AutoML systems should seek to balance human control with automation: focusing on the best opportunities for automation and allowing for humans to perform the parts that are most suited for humans: using contextual awareness and domain expertise.
Is AutoML ready?
As a collection of tools, AutoML capabilities have proven value but need to be vetted more thoroughly. Segments of these products can help the data scientist improve outcomes and efficiencies. AutoML can provide rapid prototyping. Citizen scientists, innovators, and organizations with fewer resources can employ machine learning. However, there is not an effective end-to-end AutoML solution available now.
Are we focusing on the right things in the automation of ML today? Should it be hyperparameter tuning or data engineering? Are the expectations appropriate?

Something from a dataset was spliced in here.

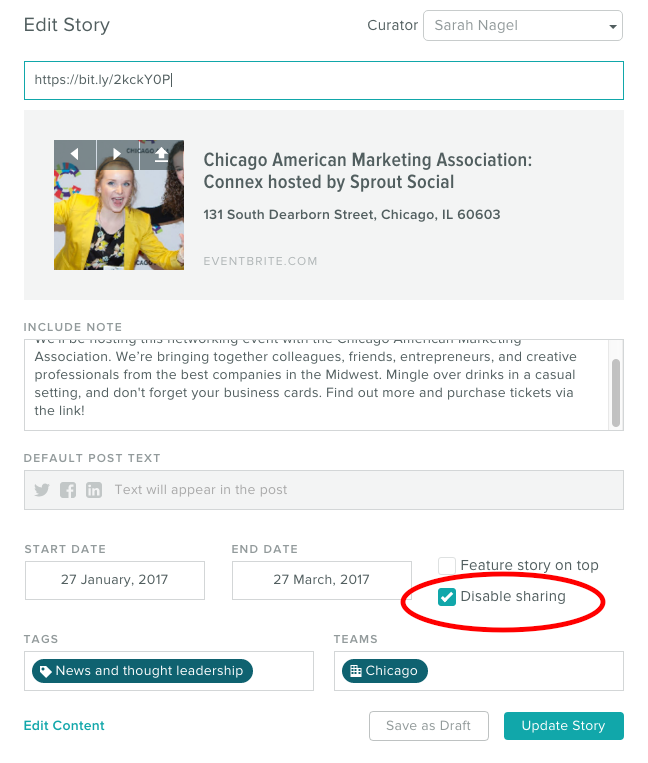 Event - Informational Story with sharing disabled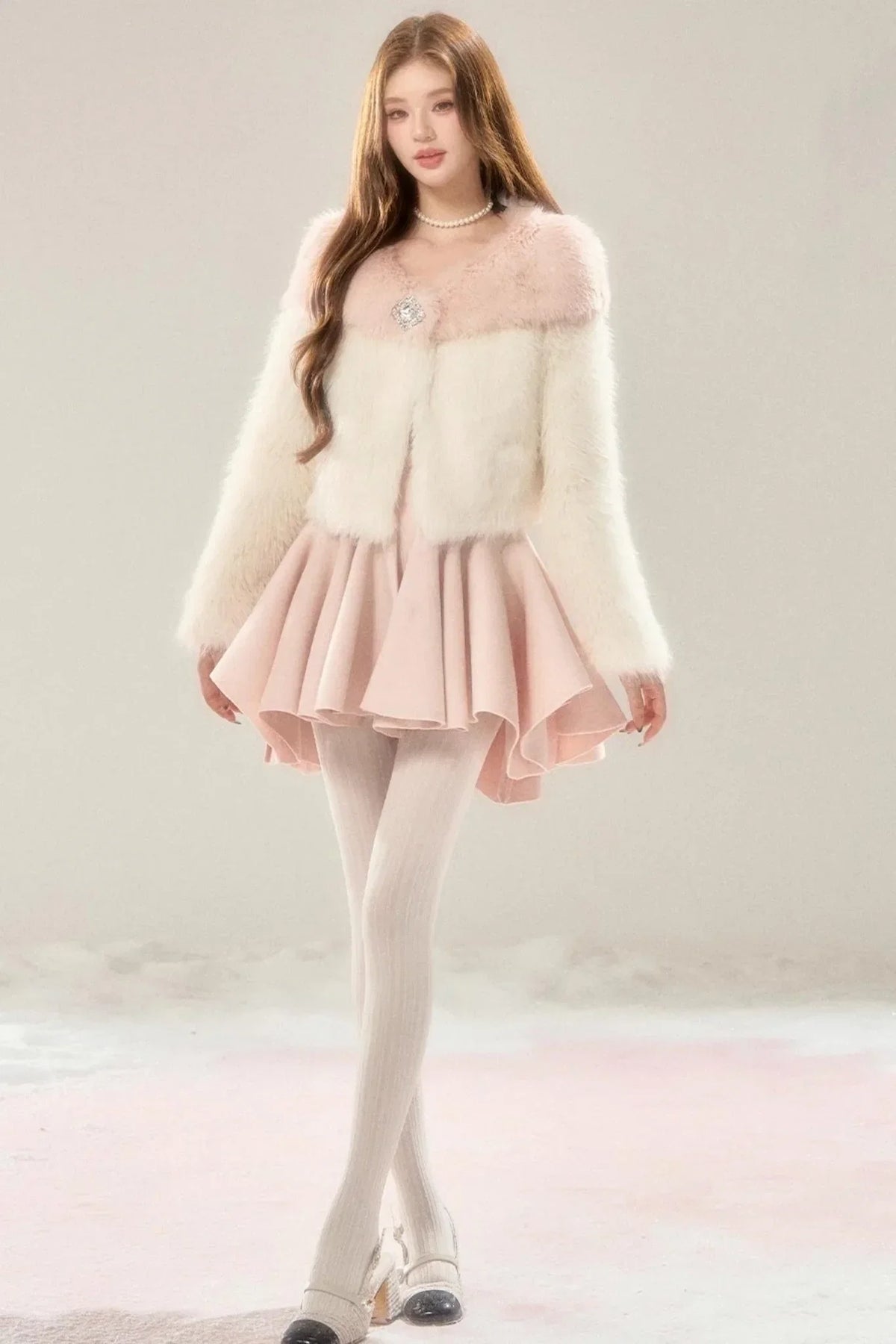 Romantic Sweetheart Woolen Dress Set-Up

In our survey, we found that practitioners are much more open to automating the mechanical parts of ML development and deployment to accelerate the iteration speed for ML models. However, AutoML systems seem to focus on the processes over which the users want to have the most agency. The issues around bias in particular suggest that AutoML providers and practitioners should be aware of the deficiencies of AutoML for model development.
The tasks that are more amenable to automation are involved in machine learning operations (MLOps). They include tasks such as data pipeline building, model serving, and model monitoring. What’s different about these tasks is that they help the users build models rather than remove the user from the model building process (which, as we noted earlier, is bad for transparency and bias reasons).
MLOps is a nascent field that requires repetitive engineering work and uses tooling and procedures that are relatively ill-defined. With a talent shortage for data engineering (on average, it takes 18 months to fill a job position), MLOps represents a tremendous opportunity for automation and standardization.
So rather than focus on AutoML, the future of automation for ML and AI rests in the ability for us to realize the potential of AutoMLOps.